About 4,500 orders per year in the under-$100 bucket, each losing an average of $20. That's $90K in direct losses, not counting the opportunity cost of warehouse labor spent on money-losing picks.
But here's the real leakage: many of these small orders came from large accounts. A contractor with $200K in annual purchases might place 150 small call-in orders for odds and ends. The account looks profitable in aggregate, but those small orders drag the actual pocket margin well below what the account-level report shows.
The controller built a cost-to-serve model by assigning fixed processing costs per order and per line item, then joined that to the transaction data. The "profit per order" distribution was eye-opening.

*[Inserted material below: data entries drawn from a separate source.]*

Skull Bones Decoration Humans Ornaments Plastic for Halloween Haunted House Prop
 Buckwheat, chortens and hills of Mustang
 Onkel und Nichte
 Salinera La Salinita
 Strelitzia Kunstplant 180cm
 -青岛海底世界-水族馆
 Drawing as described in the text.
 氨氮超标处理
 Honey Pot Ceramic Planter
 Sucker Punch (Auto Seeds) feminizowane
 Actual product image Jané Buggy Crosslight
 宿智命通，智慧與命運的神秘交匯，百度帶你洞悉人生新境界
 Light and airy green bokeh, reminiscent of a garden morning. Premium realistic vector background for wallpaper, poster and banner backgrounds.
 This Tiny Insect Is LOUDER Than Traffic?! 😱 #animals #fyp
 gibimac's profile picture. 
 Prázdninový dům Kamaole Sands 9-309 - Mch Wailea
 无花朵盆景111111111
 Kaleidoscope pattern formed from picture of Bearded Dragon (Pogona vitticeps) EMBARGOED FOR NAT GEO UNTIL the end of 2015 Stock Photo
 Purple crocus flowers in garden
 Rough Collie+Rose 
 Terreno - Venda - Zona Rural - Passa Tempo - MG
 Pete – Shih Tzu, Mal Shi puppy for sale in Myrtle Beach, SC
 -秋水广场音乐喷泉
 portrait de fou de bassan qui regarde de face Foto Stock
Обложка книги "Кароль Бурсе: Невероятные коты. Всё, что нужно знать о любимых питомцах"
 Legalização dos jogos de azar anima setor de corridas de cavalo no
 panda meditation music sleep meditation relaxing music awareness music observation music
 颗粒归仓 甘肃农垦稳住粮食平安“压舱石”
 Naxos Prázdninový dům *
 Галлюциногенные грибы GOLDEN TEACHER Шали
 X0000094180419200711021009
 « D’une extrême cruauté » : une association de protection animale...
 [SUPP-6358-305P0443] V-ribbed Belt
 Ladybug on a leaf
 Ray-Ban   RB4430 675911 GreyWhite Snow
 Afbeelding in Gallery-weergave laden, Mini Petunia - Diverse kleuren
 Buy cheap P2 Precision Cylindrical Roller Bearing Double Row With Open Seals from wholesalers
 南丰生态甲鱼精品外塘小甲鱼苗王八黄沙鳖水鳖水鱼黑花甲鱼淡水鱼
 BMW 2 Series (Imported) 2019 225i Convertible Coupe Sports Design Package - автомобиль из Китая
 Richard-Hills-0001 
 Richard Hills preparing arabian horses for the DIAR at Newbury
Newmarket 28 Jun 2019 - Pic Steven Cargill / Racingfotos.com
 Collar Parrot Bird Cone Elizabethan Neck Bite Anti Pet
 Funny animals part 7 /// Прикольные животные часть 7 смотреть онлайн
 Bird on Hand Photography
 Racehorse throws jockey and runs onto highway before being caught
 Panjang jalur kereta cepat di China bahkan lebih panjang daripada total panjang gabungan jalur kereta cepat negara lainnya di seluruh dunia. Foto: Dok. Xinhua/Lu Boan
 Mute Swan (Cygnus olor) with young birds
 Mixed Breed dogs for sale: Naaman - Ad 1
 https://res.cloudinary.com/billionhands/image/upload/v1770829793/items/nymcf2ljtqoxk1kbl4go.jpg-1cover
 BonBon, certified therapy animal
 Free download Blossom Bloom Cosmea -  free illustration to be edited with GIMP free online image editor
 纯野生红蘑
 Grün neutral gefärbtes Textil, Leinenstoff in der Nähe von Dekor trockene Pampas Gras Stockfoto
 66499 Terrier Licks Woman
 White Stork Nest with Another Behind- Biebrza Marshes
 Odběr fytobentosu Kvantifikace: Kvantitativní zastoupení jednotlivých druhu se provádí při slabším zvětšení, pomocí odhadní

They introduced a $15 small-order surcharge on orders under $150, set up a "will-call bin" system so contractors could batch small needs into weekly pickups, and created a web portal with a $100 minimum order. Small orders dropped by 40% within a quarter. Most of that volume consolidated into larger, more efficient orders.
Example 5: The Rebate Reconciliation Gap
A building materials distributor ($78M revenue, 18,000 SKUs, 45 supplier rebate programs) earned rebates from suppliers based on volume thresholds, growth targets, and product mix. In theory, these rebates added 1.5-3% to gross margin. In practice, they were leaving a significant portion uncollected.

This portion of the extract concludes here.